Два текста в Писании (Рим 5,1 Кор 15) противопоставляют первого Адама – человека, в котором погиб весь род людской, – второму Адаму, Иисусу 38.
Чтобы не прозвучать кощунством, такое противопоставление должно соблюдать тайный паритет, передаваемый рифмой и симметрией. «Золотая легенда» считает, что доски Креста вырезаны из запретного Древа, произрастающего в Раю; теологи – что Адам был создан Отцом и Сыном в том самом возрасте, когда умер Сын, в тридцать три года. Должно быть, вся эта безумная математика повлияла на космогонию Госса.
Он обнародовал ее в книге «Омфалос» (Лондон, 1857), имеющей подзаголовок «Попытка развязать геологический узел». Напрасно я запрашивал библиотеки в поисках этой книги; для написания заметки воспользуюсь резюме, составленными Эдмундом Госсом («Father and Son» 39, 1907) и Дж. Г. Уэллсом («All Aboard for Ararat» 40, 1940). Последний приводит примеры, не фигурирующие в нашем кратком эссе, но, как мне представляется, сходные с размышлениями Госса.
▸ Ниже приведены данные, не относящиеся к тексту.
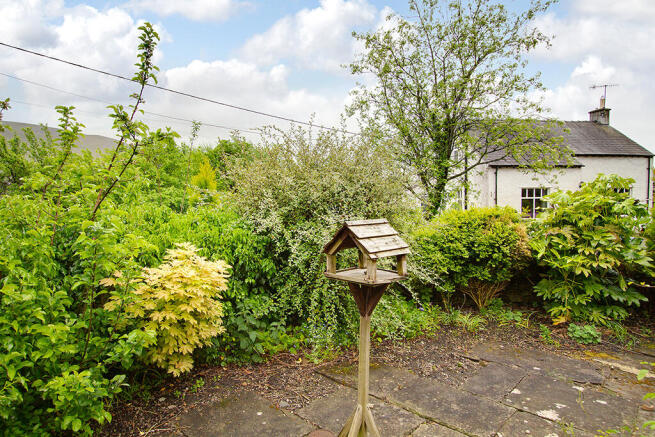 2 bed House for sale Image 12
В главе «Логики», где речь идет о законе причинности, Джон Стюарт Милль доказывает, что состояние Вселенной в любой момент времени является следствием ее состояния в предыдущий момент и что бесконечному разуму достаточно полного представления лишь об одном мгновении, дабы узнать всю историю Вселенной – и прошедшую, и будущую. (Он также доказывает – о, Луи Огюст Бланки! о, Ницше! о, Пифагор! – что повторение любого состояния влечет за собой повторение всех других и замыкает всемирную историю в циклический ряд.) В этой осторожной интерпретации одной Лапласовой фантазии – а он решил, что настоящий момент Вселенной теоретически сводим к единой формуле, из которой Некто может вывести любое прошедшее и любое будущее, – Милль не исключает, что в будущем возможно вмешательство извне, прерывающее ряд. Он утверждает, что состояние g так или иначе приводит к состоянию г, состояние г – к s, s – к t; однако он признает, что перед t планету могла уничтожить глобальная катастрофа (предположим, consummatio mundi 41). Будущее неизбежно, предопределено, но может не состояться. В промежутках нас подстерегает Господь Бог.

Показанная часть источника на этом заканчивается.